First, there were co-working spaces shaking up the office real estate market. Now co-living spaces are trying to do the same to the residential rental market in NYC in a big way, appealing to millennials with a lavish take on dorm-style living.
As Brick Underground found in our guide to co-living spaces in NYC, there are at least 10 co-living companies that have opened here. While the companies vary in terms of appeal, all aim to reduce the hassles of renting, like finding an apartment, roommates, and furnishings, while providing an array of services such as house cleaning and social activities. But the drawbacks are relatively high prices for typically small apartments.

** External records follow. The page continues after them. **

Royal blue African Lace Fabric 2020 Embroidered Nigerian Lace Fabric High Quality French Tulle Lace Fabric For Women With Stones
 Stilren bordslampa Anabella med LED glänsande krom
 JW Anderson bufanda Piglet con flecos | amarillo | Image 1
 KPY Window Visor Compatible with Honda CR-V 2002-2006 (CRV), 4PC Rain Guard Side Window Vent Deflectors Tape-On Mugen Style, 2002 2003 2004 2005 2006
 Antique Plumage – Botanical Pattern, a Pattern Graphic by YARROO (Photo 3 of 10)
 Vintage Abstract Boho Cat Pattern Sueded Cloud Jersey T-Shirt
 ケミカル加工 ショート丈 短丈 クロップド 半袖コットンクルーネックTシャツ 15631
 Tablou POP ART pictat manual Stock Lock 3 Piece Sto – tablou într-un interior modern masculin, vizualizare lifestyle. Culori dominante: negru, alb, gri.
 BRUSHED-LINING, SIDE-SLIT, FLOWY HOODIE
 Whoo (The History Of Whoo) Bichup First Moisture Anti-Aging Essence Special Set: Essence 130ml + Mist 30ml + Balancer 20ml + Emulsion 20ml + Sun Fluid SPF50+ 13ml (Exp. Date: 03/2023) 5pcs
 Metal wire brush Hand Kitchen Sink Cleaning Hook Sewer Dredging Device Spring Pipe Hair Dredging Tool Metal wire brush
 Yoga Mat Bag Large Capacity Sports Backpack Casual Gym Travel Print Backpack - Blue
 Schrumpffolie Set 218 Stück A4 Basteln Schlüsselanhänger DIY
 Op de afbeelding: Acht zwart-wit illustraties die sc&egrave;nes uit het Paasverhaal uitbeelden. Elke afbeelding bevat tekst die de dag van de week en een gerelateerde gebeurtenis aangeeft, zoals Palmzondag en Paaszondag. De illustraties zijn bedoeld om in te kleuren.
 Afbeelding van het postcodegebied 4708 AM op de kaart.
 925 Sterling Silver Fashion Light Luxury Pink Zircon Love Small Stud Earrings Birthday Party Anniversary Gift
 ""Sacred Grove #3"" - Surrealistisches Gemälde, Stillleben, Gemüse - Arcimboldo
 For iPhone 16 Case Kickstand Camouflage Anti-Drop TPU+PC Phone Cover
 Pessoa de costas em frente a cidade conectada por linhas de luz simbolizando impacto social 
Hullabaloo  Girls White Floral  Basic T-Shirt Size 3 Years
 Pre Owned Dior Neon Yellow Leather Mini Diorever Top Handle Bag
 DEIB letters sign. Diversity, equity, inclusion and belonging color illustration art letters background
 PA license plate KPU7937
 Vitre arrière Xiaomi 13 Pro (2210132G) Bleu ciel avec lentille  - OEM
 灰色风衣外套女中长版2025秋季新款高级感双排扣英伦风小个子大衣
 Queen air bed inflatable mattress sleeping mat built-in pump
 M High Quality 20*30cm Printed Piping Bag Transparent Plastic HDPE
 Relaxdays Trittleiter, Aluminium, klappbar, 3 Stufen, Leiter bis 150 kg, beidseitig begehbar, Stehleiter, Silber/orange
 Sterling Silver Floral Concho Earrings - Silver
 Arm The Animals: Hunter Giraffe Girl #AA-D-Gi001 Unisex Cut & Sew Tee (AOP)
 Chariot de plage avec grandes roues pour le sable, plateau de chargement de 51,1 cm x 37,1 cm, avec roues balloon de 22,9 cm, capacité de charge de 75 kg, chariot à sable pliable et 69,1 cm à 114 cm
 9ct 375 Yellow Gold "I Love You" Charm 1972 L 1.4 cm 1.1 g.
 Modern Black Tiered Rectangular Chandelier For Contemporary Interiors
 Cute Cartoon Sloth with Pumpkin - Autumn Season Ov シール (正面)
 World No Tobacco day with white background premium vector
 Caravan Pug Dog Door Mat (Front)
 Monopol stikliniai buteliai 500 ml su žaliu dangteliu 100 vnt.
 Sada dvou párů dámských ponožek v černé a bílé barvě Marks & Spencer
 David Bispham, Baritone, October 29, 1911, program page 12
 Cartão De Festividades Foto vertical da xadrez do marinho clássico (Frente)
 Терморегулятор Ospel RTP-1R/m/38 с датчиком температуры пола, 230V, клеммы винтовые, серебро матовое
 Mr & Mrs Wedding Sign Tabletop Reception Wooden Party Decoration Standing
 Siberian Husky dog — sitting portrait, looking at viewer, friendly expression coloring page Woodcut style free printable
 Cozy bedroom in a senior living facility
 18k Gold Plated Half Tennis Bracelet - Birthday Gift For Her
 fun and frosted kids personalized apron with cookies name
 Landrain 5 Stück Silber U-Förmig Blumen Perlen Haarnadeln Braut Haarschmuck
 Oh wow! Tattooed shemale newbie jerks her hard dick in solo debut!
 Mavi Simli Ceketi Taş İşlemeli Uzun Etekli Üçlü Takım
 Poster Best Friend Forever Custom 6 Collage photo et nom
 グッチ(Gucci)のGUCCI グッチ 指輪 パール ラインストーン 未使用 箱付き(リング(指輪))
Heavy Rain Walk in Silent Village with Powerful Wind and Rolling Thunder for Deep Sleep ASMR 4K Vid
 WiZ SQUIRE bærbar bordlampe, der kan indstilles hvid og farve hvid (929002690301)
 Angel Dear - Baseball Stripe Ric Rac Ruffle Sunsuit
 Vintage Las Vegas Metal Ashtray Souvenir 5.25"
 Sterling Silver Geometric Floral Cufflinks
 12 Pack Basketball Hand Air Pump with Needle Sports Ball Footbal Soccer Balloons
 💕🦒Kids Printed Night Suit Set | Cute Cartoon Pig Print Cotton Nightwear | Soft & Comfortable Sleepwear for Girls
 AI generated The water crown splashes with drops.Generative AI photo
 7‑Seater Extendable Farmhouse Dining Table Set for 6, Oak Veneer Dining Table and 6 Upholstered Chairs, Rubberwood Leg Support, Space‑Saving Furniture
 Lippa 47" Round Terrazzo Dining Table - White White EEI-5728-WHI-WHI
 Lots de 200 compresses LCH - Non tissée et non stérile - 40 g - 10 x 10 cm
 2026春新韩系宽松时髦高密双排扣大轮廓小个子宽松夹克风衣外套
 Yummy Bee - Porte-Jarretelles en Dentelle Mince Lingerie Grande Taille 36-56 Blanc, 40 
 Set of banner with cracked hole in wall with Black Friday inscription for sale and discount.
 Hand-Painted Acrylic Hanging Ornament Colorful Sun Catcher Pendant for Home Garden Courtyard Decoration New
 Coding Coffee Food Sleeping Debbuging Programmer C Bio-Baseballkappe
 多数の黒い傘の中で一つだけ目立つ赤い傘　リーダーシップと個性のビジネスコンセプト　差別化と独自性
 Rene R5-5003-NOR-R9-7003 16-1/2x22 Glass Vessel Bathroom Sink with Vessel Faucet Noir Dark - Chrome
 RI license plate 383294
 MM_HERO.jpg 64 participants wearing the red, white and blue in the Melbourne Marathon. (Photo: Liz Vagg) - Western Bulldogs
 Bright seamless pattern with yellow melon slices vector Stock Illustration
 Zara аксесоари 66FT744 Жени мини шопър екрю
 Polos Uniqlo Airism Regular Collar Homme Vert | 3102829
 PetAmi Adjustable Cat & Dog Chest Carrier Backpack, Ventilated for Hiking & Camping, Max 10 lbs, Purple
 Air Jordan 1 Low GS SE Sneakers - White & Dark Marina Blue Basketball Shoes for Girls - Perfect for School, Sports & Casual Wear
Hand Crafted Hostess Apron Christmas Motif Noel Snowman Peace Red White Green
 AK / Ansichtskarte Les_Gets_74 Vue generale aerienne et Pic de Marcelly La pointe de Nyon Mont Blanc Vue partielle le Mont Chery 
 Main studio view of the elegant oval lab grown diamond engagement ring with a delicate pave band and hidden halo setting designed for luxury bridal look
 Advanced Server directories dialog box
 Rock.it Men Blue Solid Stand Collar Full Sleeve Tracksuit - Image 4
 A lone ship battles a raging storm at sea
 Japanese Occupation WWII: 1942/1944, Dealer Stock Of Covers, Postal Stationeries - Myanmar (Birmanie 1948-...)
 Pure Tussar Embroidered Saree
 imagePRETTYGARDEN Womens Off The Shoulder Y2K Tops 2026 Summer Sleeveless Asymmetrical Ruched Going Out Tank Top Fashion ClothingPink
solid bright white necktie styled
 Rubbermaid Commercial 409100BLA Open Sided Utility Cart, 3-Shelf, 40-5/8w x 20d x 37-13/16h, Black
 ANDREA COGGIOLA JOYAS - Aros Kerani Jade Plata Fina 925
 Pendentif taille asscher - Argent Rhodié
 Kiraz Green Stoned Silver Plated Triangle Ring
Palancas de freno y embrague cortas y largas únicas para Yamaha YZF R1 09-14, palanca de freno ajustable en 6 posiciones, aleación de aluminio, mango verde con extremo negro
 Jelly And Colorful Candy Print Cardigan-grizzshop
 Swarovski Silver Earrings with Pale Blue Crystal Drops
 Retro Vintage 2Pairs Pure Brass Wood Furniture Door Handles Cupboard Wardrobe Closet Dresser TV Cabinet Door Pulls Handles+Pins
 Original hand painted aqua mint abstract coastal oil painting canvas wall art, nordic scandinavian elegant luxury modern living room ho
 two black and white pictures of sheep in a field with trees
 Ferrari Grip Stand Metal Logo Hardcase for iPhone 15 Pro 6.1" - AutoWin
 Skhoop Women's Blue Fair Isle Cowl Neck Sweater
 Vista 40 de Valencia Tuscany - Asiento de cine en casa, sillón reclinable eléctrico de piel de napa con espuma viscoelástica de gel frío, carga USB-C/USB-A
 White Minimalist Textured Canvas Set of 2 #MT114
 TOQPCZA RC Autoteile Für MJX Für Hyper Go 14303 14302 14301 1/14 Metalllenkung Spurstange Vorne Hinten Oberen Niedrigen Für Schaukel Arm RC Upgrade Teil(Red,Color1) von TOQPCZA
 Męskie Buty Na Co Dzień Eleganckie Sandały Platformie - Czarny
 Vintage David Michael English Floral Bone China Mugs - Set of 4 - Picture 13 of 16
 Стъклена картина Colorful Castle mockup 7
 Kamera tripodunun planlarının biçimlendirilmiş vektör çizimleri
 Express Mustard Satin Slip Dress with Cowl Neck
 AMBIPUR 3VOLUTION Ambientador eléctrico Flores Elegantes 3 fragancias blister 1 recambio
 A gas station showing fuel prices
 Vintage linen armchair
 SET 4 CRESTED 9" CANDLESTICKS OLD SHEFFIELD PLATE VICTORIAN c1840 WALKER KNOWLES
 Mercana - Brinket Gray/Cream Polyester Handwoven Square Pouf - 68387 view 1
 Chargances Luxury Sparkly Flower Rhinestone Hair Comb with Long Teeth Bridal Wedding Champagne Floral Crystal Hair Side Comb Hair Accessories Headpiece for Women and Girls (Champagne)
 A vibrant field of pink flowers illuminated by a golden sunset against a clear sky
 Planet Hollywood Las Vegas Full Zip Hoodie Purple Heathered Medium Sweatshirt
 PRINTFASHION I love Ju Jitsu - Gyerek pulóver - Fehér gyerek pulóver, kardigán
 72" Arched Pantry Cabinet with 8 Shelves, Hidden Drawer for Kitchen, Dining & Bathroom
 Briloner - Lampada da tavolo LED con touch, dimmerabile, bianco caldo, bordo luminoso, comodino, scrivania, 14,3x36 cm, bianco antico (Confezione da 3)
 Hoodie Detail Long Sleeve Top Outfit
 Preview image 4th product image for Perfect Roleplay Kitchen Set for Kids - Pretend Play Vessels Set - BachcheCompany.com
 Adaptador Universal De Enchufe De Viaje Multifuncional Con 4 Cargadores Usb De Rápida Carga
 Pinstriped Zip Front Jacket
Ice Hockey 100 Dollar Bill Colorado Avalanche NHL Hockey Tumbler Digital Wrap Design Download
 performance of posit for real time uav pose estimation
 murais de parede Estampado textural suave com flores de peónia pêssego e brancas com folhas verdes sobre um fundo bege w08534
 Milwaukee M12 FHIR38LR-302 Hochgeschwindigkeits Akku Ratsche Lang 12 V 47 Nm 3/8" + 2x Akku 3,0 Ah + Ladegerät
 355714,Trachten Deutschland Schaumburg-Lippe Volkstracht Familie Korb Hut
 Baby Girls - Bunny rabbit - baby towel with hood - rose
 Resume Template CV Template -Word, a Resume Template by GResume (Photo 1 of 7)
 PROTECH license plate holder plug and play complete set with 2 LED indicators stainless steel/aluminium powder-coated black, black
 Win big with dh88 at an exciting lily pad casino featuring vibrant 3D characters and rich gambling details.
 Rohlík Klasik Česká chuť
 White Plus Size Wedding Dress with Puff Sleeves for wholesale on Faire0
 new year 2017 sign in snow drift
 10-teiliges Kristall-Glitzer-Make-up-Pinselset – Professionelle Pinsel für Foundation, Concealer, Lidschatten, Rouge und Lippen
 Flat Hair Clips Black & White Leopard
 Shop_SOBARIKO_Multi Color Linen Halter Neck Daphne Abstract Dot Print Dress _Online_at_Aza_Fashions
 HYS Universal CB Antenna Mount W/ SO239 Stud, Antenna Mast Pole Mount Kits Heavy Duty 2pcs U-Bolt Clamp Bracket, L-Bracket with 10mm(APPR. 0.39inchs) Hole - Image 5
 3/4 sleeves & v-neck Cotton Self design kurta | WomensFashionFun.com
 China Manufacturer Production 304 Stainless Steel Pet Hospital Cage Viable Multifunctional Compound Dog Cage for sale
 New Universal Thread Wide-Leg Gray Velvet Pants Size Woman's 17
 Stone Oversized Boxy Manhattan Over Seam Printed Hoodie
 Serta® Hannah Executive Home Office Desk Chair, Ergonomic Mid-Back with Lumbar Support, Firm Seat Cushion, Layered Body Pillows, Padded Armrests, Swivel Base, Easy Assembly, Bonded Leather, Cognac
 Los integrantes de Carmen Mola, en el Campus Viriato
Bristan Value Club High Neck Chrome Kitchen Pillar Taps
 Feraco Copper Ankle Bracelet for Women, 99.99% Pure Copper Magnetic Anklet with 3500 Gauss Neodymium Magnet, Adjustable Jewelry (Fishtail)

Still, if you don’t plan to spend much time in your apartment, and you like having a lot of people around in communal spaces, then 29-22 Northern Blvd., #6301, in Long Island City, may be for you. This is Alta+ by Ollie’s newest building, with 160-plus “microsuites” with two and three bedrooms, and 297 standard apartments ranging from studios to three bedrooms. There are 27,000 square feet of amenities, including a fitness center, yoga studio, indoor lap pool, lounges, lawn, terrace, outdoor movie theater, golf simulator, and event space.
Complimentary hotel-style services and events include housekeeping, linen and towel service, high-speed wifi, social gatherings, brunches, and sunset yoga.
This microsuite is a three bedroom, two bath (microsuites range in size from 495-941 square feet, and it’s not clear how large this one is). There’s a queen-sized Murphy bed, and the other bedrooms have full-sized beds. Furniture here is minimal, for example there are no couches, but there is not much space for them anyway. One of the bedrooms appears to have a desk and a chair. The rent is $5,481, with one month free and no broker’s fee.
The building is next to the the E, M, and R subway entrance at Queens Plaza and near the N, Q, and 7, for a 10-minute commute to midtown Manhattan.
As always when weighing New York City apartment listings, we turn to our Take It Or Leave It experts: myself (filling in for senior editor Nathan Tempey), Constantine Valhouli, founder of real estate research and analytics firm NeighborhoodX, and freelance writer Lambeth Hochwald.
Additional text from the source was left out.